Task details:
Copy, with no pictures, the line that contains "Used 2020 Jeep Compass Limited image 27" and each line after it down to the end of the entries below, exactly.

Exercise inputs:
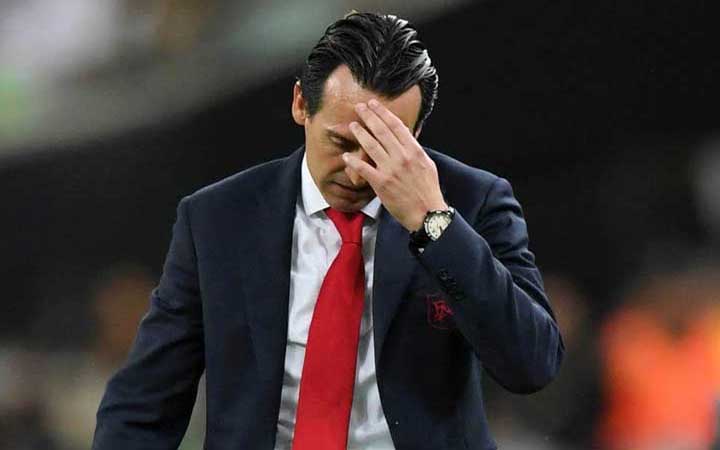 চাকরি হারালেন আর্সেনালের কোচ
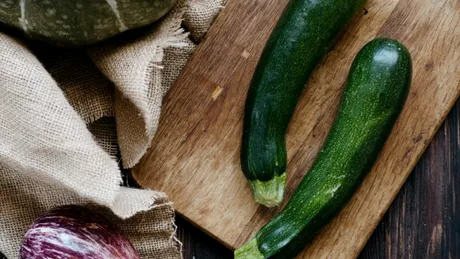 De ce e bine să introduci zucchini în dieta ta zilnică? E leguma versatilă cu beneficii uimitoare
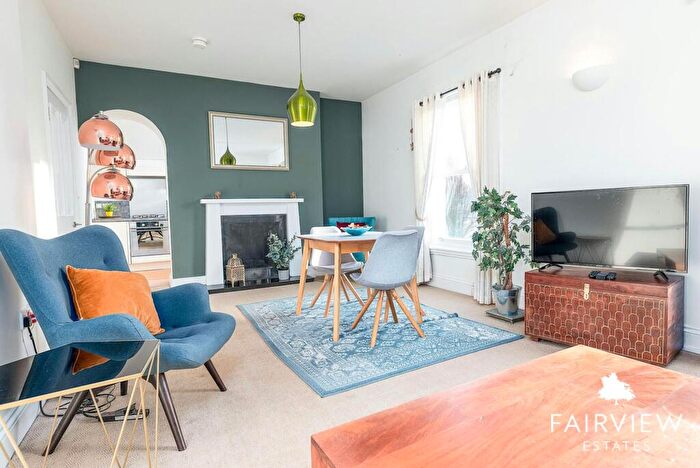 2 Bedroom Apartment For Sale In Second Avenue, Nottingham, NG7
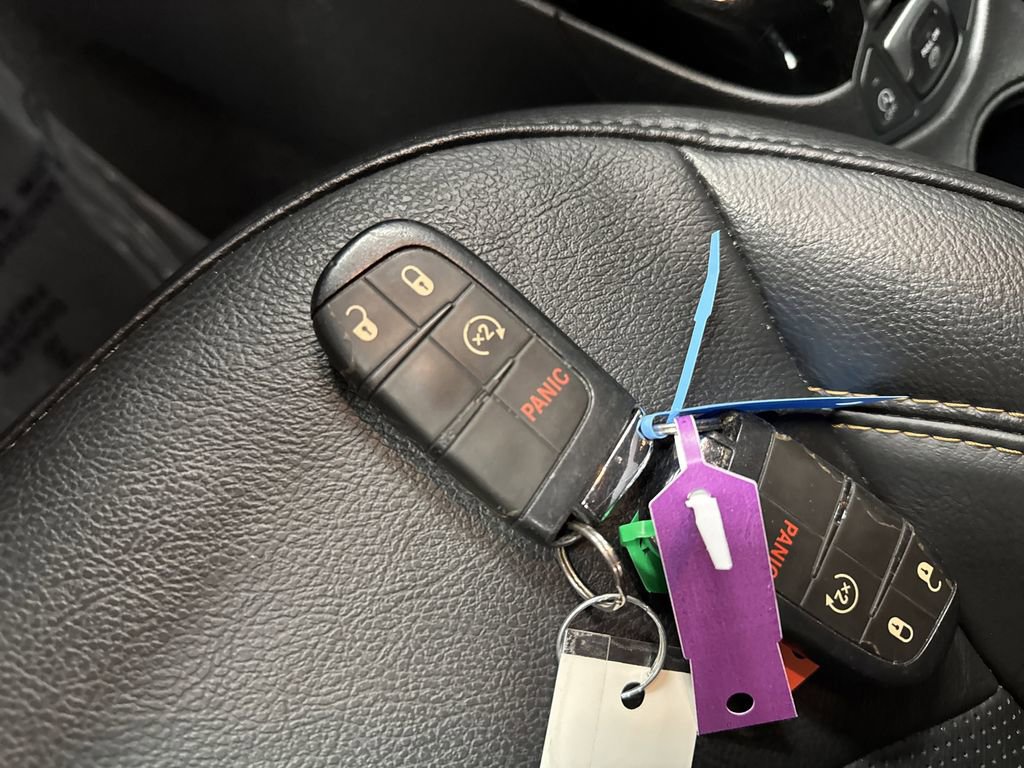 Used 2020 Jeep Compass Limited image 27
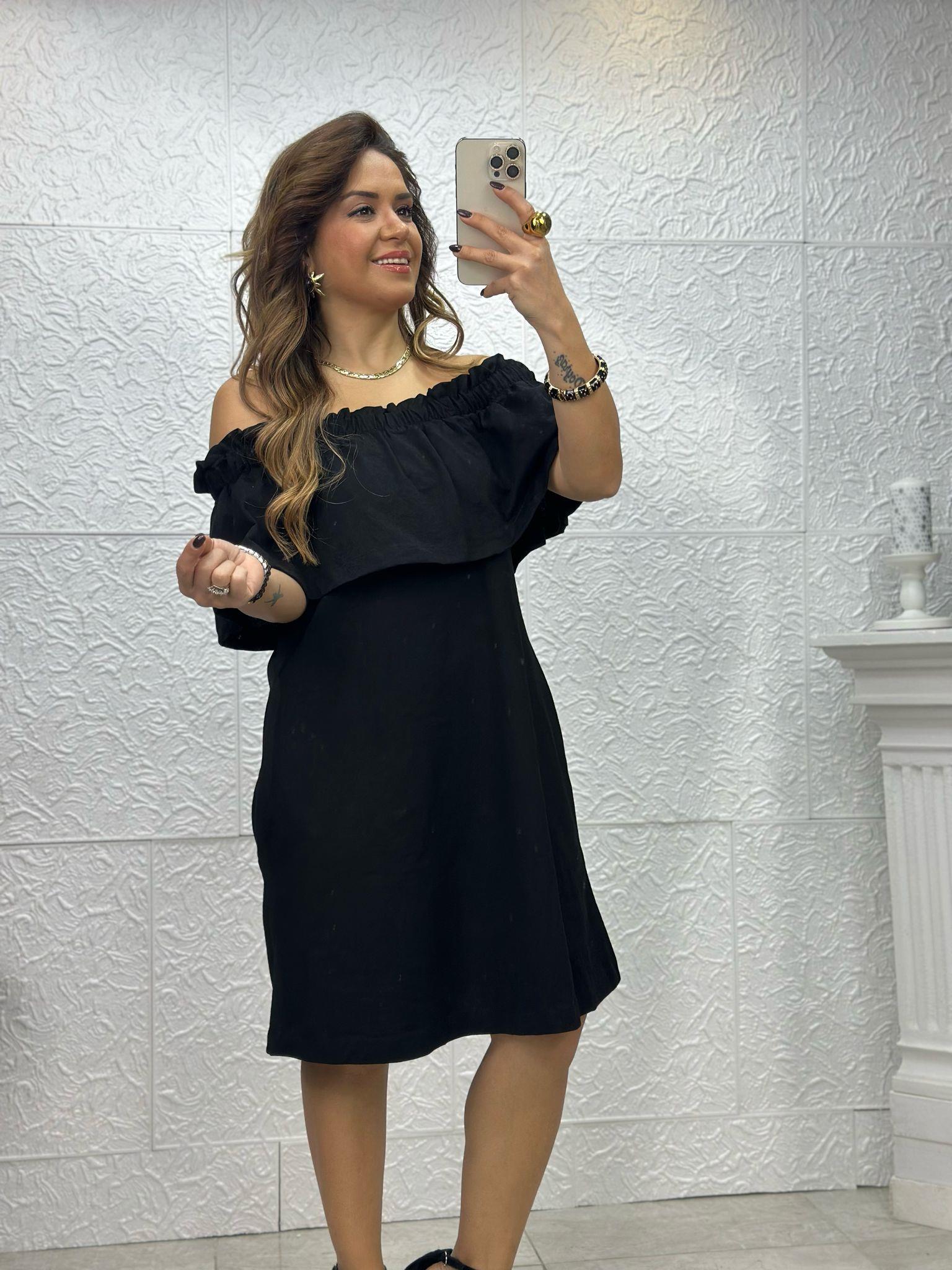 Omuzları Düşük Siyah Elbise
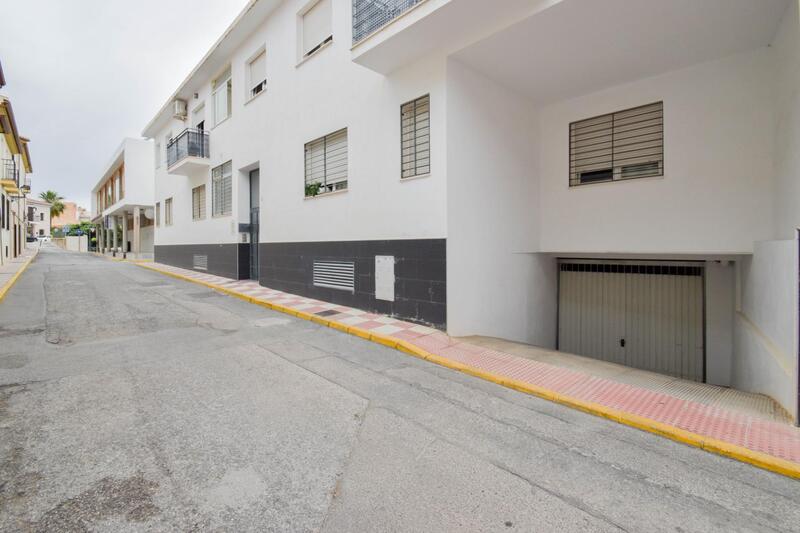 3 bedroom Apartment for sale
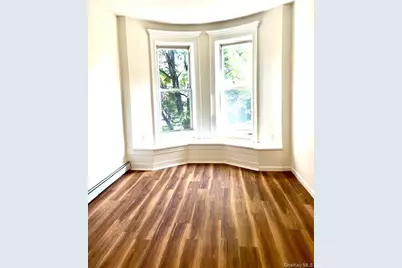 8837 161st Street, Jamaica, NY 11432 - Photo 5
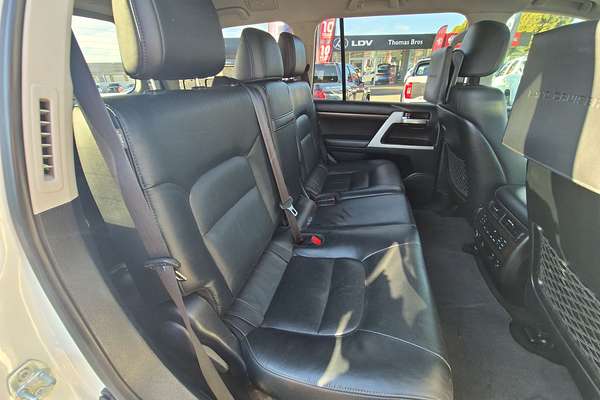 2021 Toyota Landcruiser Sahara VDJ200R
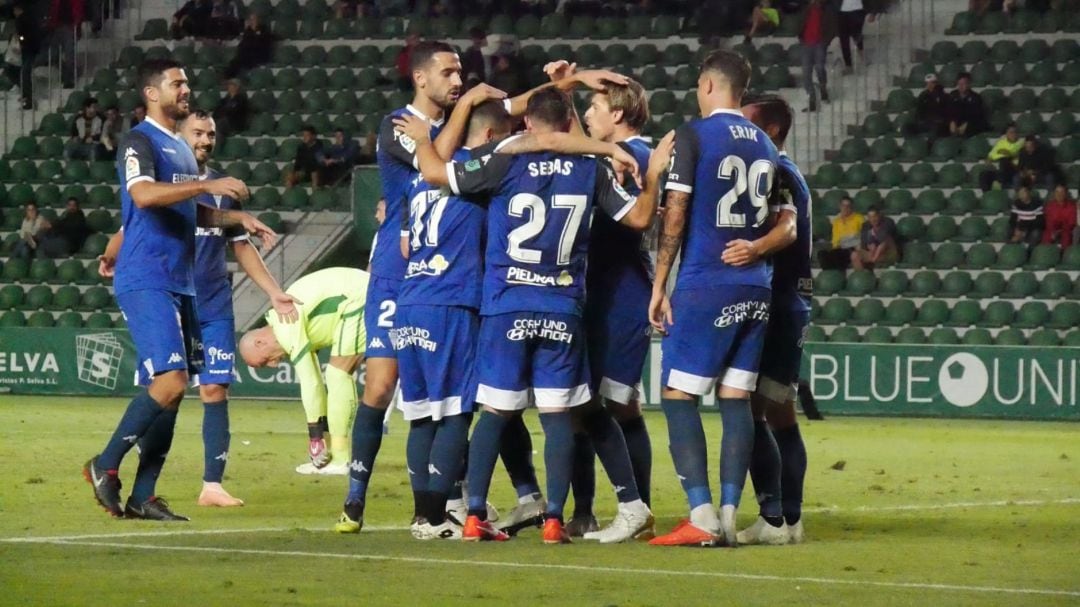 Los jugadores celebran uno de los goles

Task output:
 Used 2020 Jeep Compass Limited image 27
 Omuzları Düşük Siyah Elbise
 3 bedroom Apartment for sale
 8837 161st Street, Jamaica, NY 11432 - Photo 5
 2021 Toyota Landcruiser Sahara VDJ200R
 Los jugadores celebran uno de los goles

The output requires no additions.